João
Gilberto, Brasília e Juscelino, o Presidente Bossa Nova. A morte do músico
genial acaba sendo um reencontro desolado com o Brasil que tanto esperamos e de
que tanto precisamos – a utopia. (Por Conceição Freitas)
Se Brasília tivesse de escolher um artista
brasileiro como síntese de si mesma, seria João Gilberto. Não à toa, Juscelino era chamado de Presidente Bossa Nova, como na
música de Juca Chaves: Bossa nova mesmo é ser/presidente/Desta terra descoberta por Cabral/Paratantobastaser/Tãosimplesmente/Simpático/Risonho/Original./Depois desfrutar da maravilha/De ser presidente do Brasil/Voar da Velhacap pra Brasília/ver a alvorada e voar de volta ao Rio.
A musiquinha singela grudou em Juscelino o epíteto
com o qual até hoje é lembrado. Um dos criadores da Bossa Nova, Carlinhos Lyra
disse a Ruy Castro, que transmitiu a Claudio Bojunga, biógrafo de JK: “A Bossa Nova só foi possível graças a
Juscelino”.
Talvez haja certo exagero, não sem fundamento. Eram
os anos dourados. Fazia pouco tempo, Getúlio havia se suicidado e o Brasil
parecia mais uma vez afundado no pântano das elites devoradoras. Mas algo se
movia – nas artes, na cultura, nos esportes, na política. Subitamente, os brasileiros foram envolvidos por um raro
sentimento de inquietude e invenção na literatura, nas artes
plásticas, no futebol, no cinema, na arquitetura, na música: Guimarães Rosa,
João Cabral de Melo Neto, Clarice Lispector, Rubem Braga, Glauber Rocha, Lygia
Clark, Hélio Oiticica, Pelé, Garrincha, Lucio Costa, Oscar Niemeyer, Tom,
Vinícius e João Gilberto – cito alguns, porque a lista é longa (e eterna).

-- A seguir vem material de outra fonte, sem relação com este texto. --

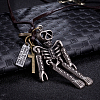 Adjustable Men's Zinc Alloy Pendant and Leather Cord Lariat Necklaces NJEW-BB15999-2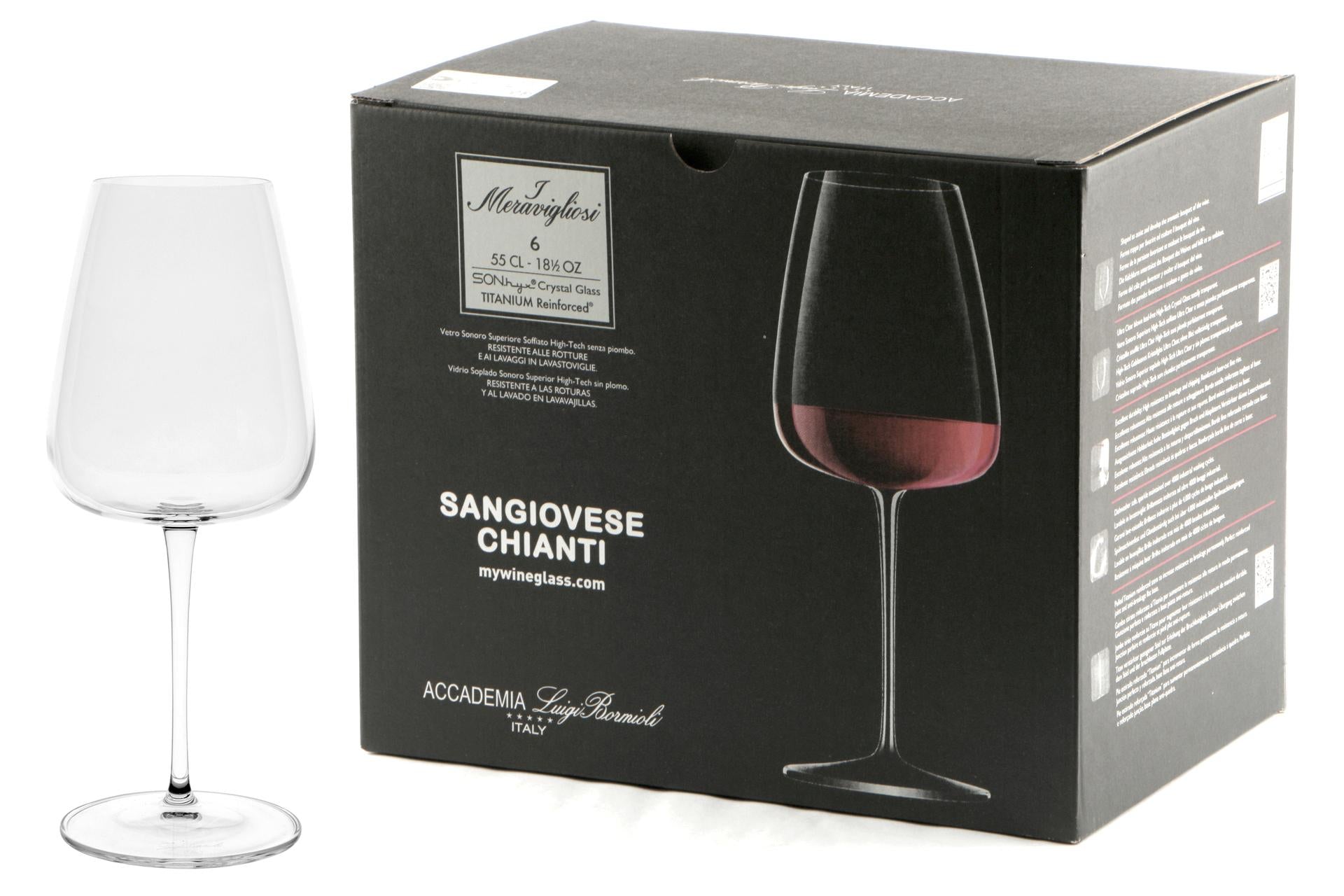 Bormioli Luigi I Meravigliosi Calici Sangiovese Chianti 55 cl - Confezione da 6 In Vetro Trasparente - Set 6 Pz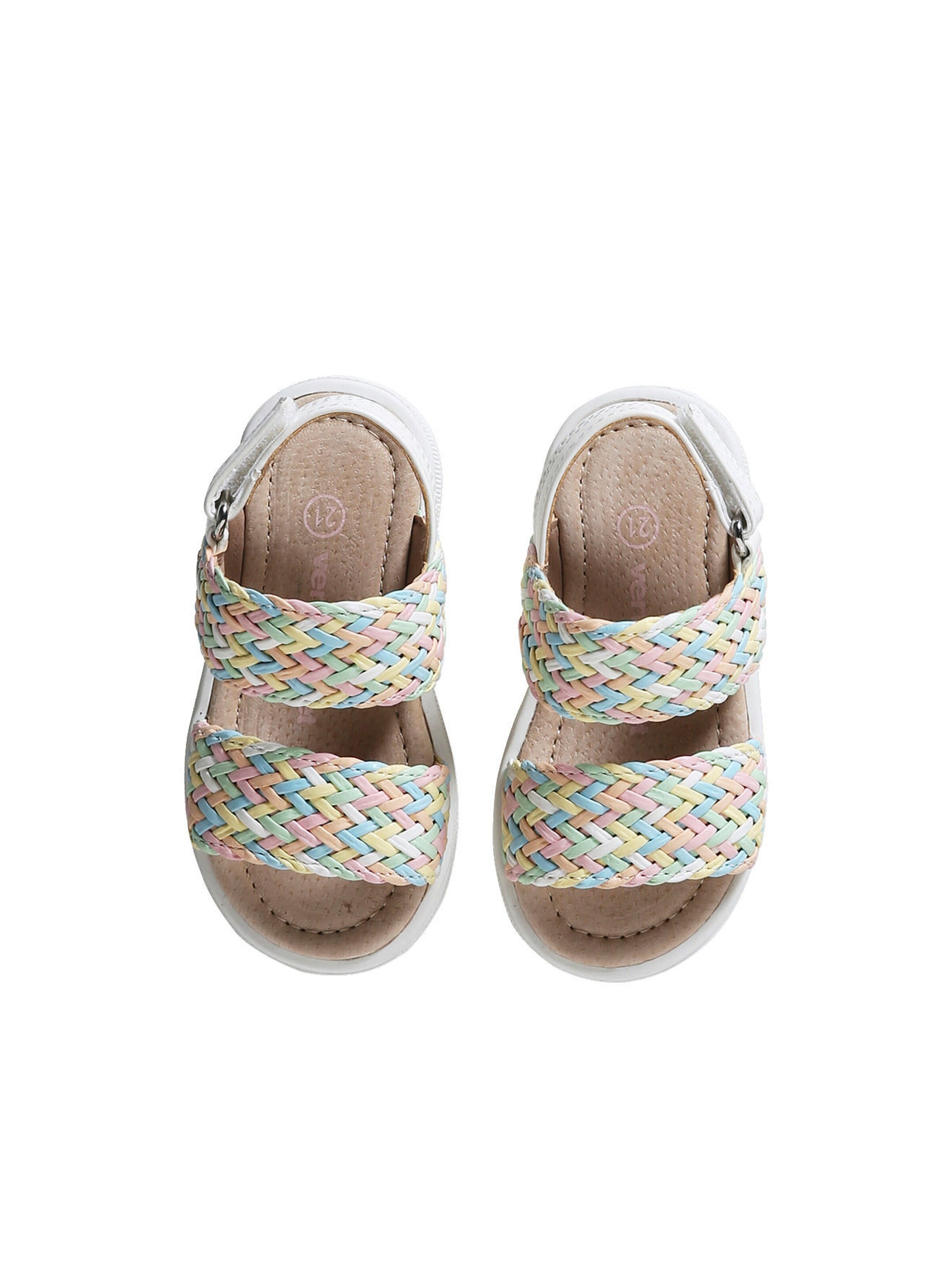 Vertbaudet Baby Klett-Sandalen mit nachtleuchtenden Flechtriemen mehrfarbig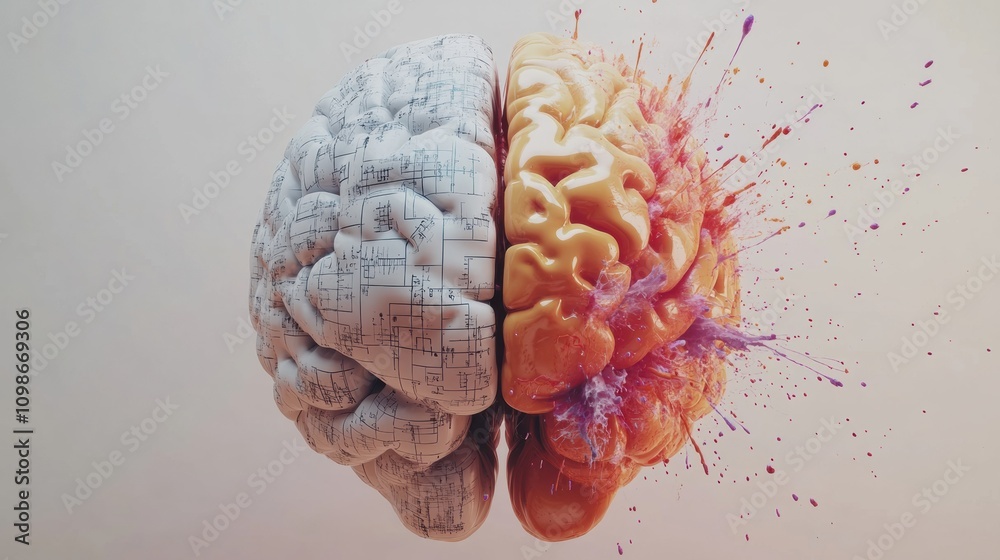 Poster this artwork showcases a split brain design, contrasting logical thought in gray with creative expre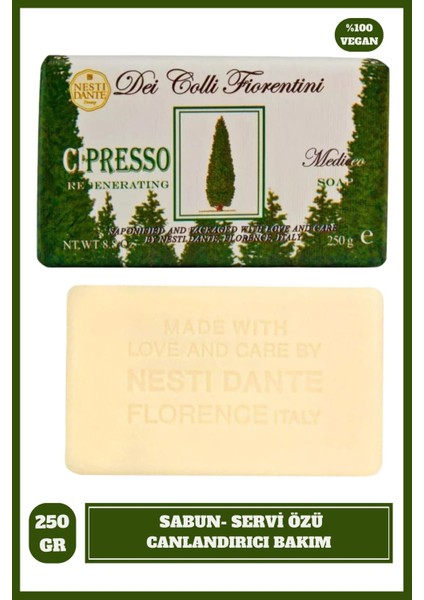 Dei Colli Fiorentini Cipresso Katı Sabun 250gr | Canlandırıcı | Servi Özü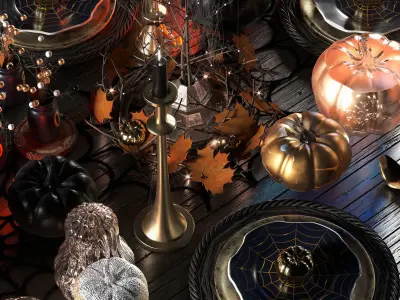 halloween table setting 3D model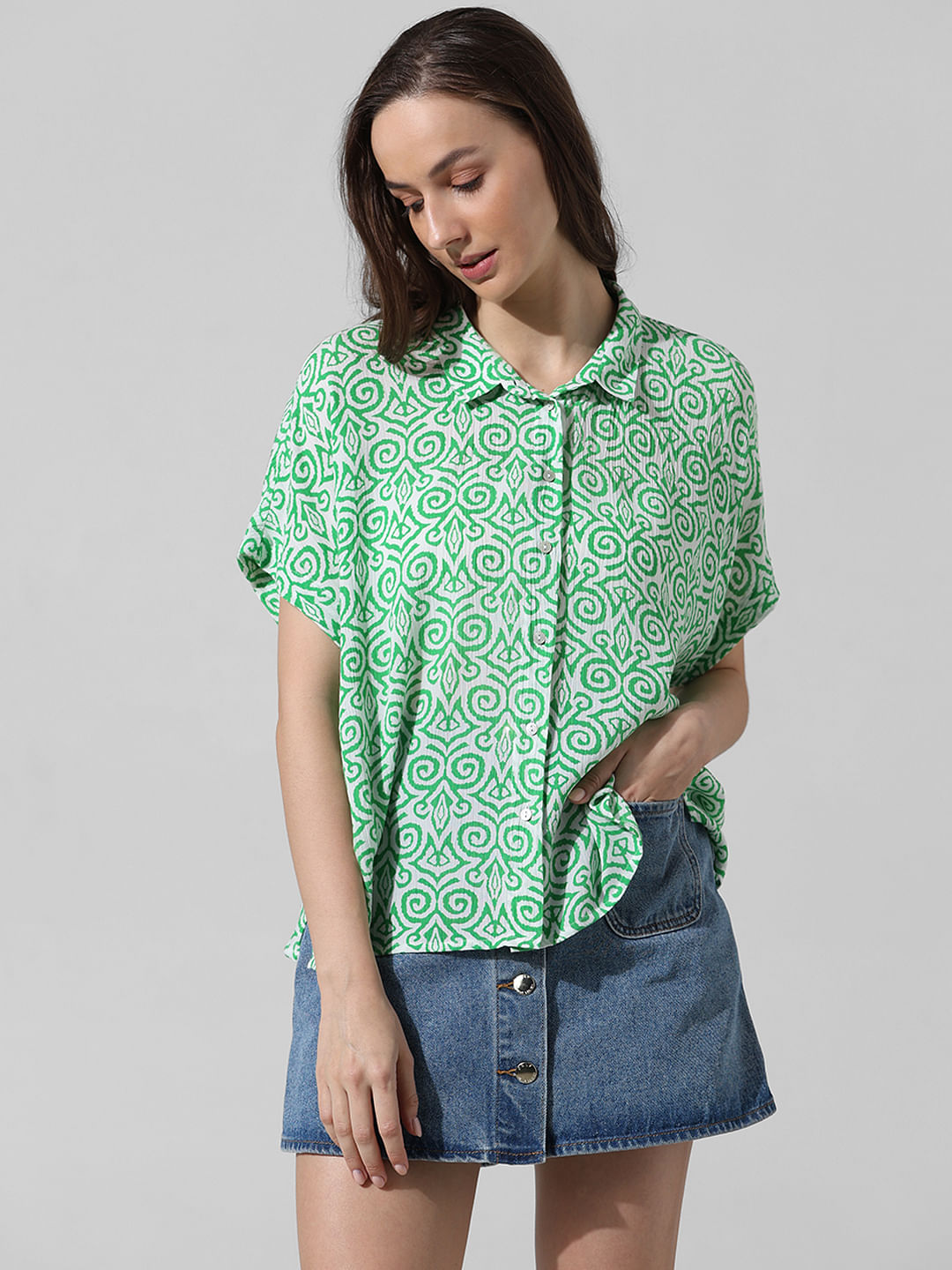 Green Printed Shirt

Finalmente, o Brasil parecia ter acordado, aquele
instante que havia muito se esperava. Daquela metade dos anos 1950 em diante, o país mostraria ao mundo a singularidade de sua formação
mestiça, tropical e continental.
Do mesmo modo que João Gilberto limpou os excessos
melódicos dos grandes cantores da época, os arquitetos modernos livraram os
edifícios de tudo o que não fosse estrutural. Queriam a beleza nua, como quem
busca a essência das coisas. Os poemas ficaram pura pedra, como os de João
Cabral. As construções, puro concreto, como as de Brasília. A paisagem urbana,
vazia.
Caetano Veloso, Vladimir Safatle, Braulio Pedroso
escreveram que, com a morte de João Gilberto, foi-se o sonho moderno, a utopia
de transformar esse território numa Nação. A morte física como representação
simbólica da morte de que temos morrido todos os dias, nos últimos tempos.
Naquela segunda metade dos anos 1950, tudo parecia
que ia dar certo. Alguém lembrou do chute de Pelé, de antes do meio do campo,
para o gol que faria toda a esquerda se esquecer, temporariamente, da ditadura
militar e passar a torcer pelo Brasil na Copa de 58. (Juscelino assistiu ao
último jogo no Brasília Palace Hotel).
Um país de Pelés, aquele. “Sim, escreveu Safatle, havia algo de utopia
naquela música e seria necessário ouvi-la escutando também a utopia do tempo
histórico que ela expressa. Se do ponto de vista arquitetônico o Brasil
mostrará sua carga utópica através da instauração geométrica da conquista de
seu próprio interior, isso através de um sonho modernista que redundará em
Brasília e suas misturas de árvores distorcidas do cerrado e curvas de concreto
armado, havia a versão musical dessa carga utópica, e ela se encontrava na
bossa nova.”
Braulio Tavares comparou o arquiteto e o músico:
“Alguém disse da arquitetura de Oscar Niemeyer que ela demonstrava o quanto o
concreto é leve. As harmonizações e as divisões rítmicas de João Gilberto
mostravam que era possível haver uma ultra-sofisticação por trás de estruturas
aparentemente simples, nuas, despojadas.”
Caetano lembrou que João Gilberto furou a casca do
Brasil, até então uma “região ensimesmada”. A arquitetura moderna também tirou
o país de dentro de si e o apresentou ao mundo.
A morte de João Gilberto é um reencontro desolado
com um Brasil que tanto queríamos e de que tanto precisamos.